▸ **Activity**
Among the entries that follow, locate the line with "Market position of" and the line with "Sunset Low Voltage". Output those lines and all lines in between, exactly, minus the pictures.

(Beginning of Data)

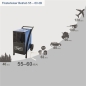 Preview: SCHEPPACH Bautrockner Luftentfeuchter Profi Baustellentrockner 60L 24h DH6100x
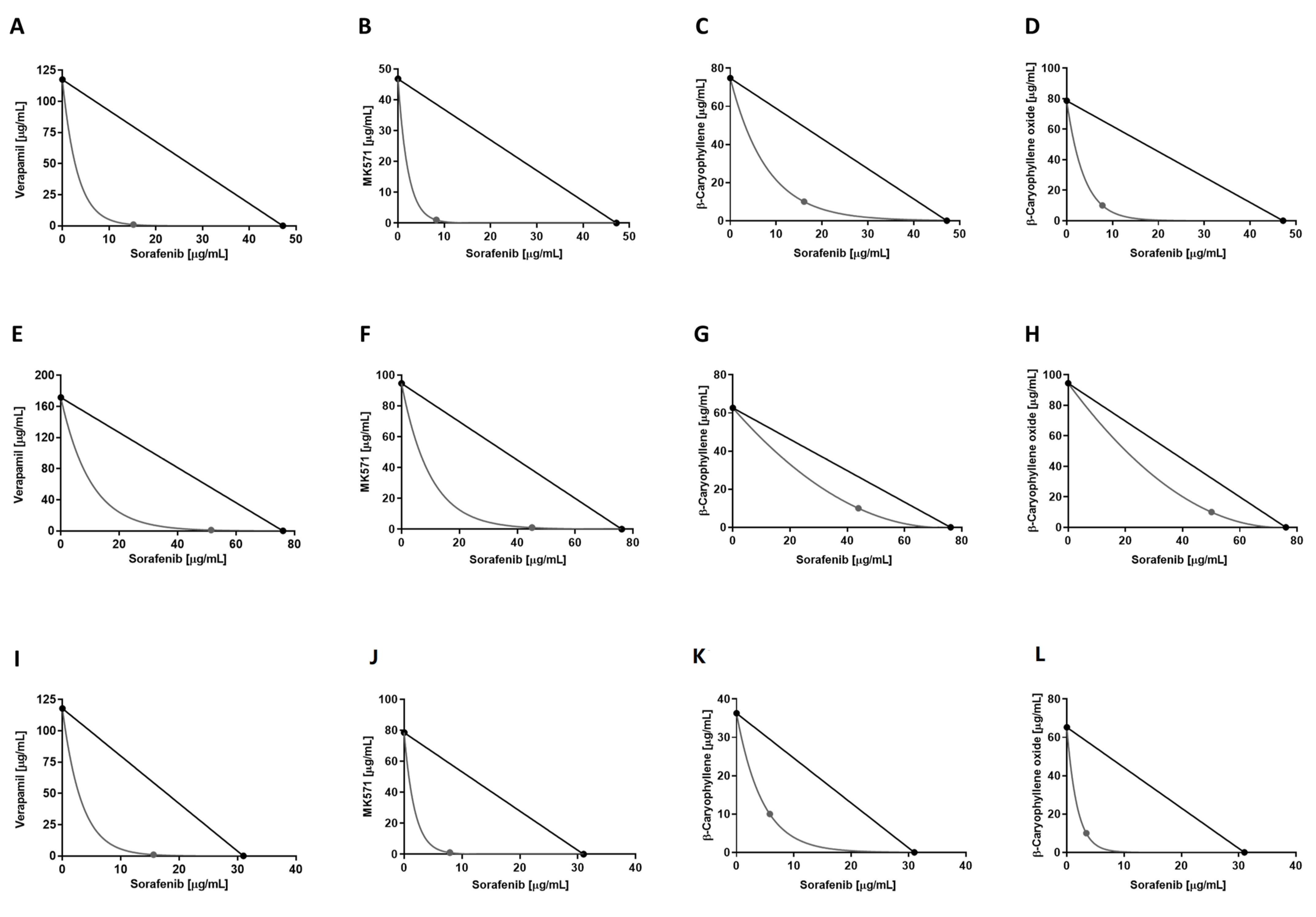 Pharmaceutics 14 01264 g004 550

(End of Data)
(Beginning of Data)

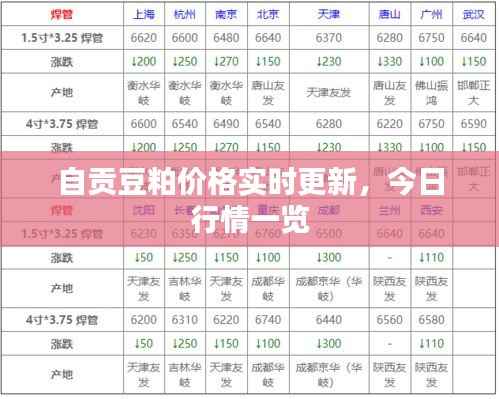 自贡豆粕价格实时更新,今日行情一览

(End of Data)
(Beginning of Data)

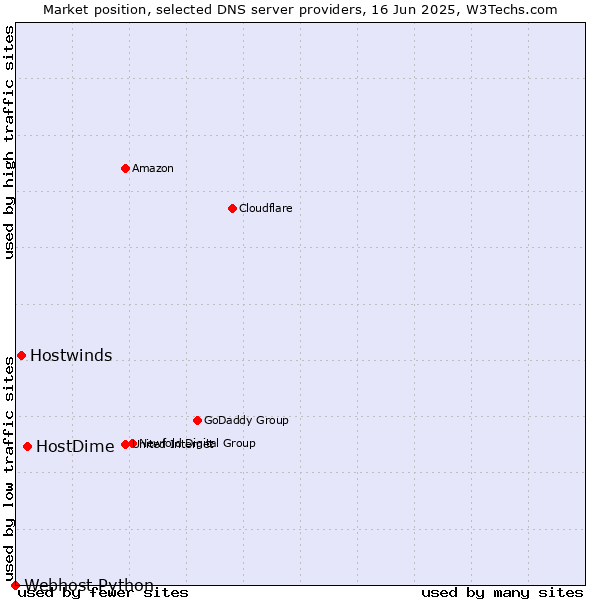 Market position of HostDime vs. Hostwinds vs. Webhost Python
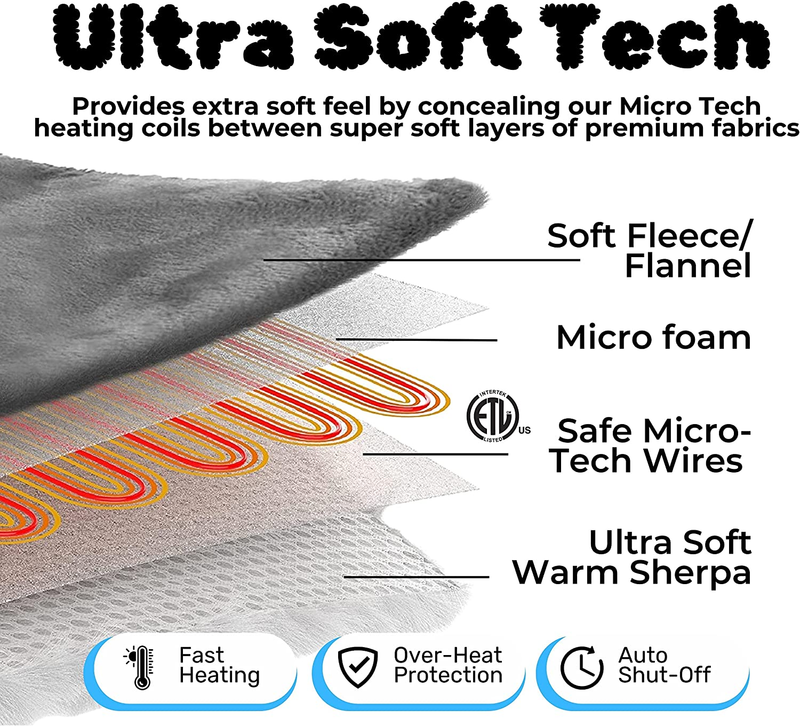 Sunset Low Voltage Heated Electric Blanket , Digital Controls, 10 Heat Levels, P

(End of Data)

▸ **Problem solution**
 Market position of HostDime vs. Hostwinds vs. Webhost Python
 Sunset Low Voltage Heated Electric Blanket , Digital Controls, 10 Heat Levels, P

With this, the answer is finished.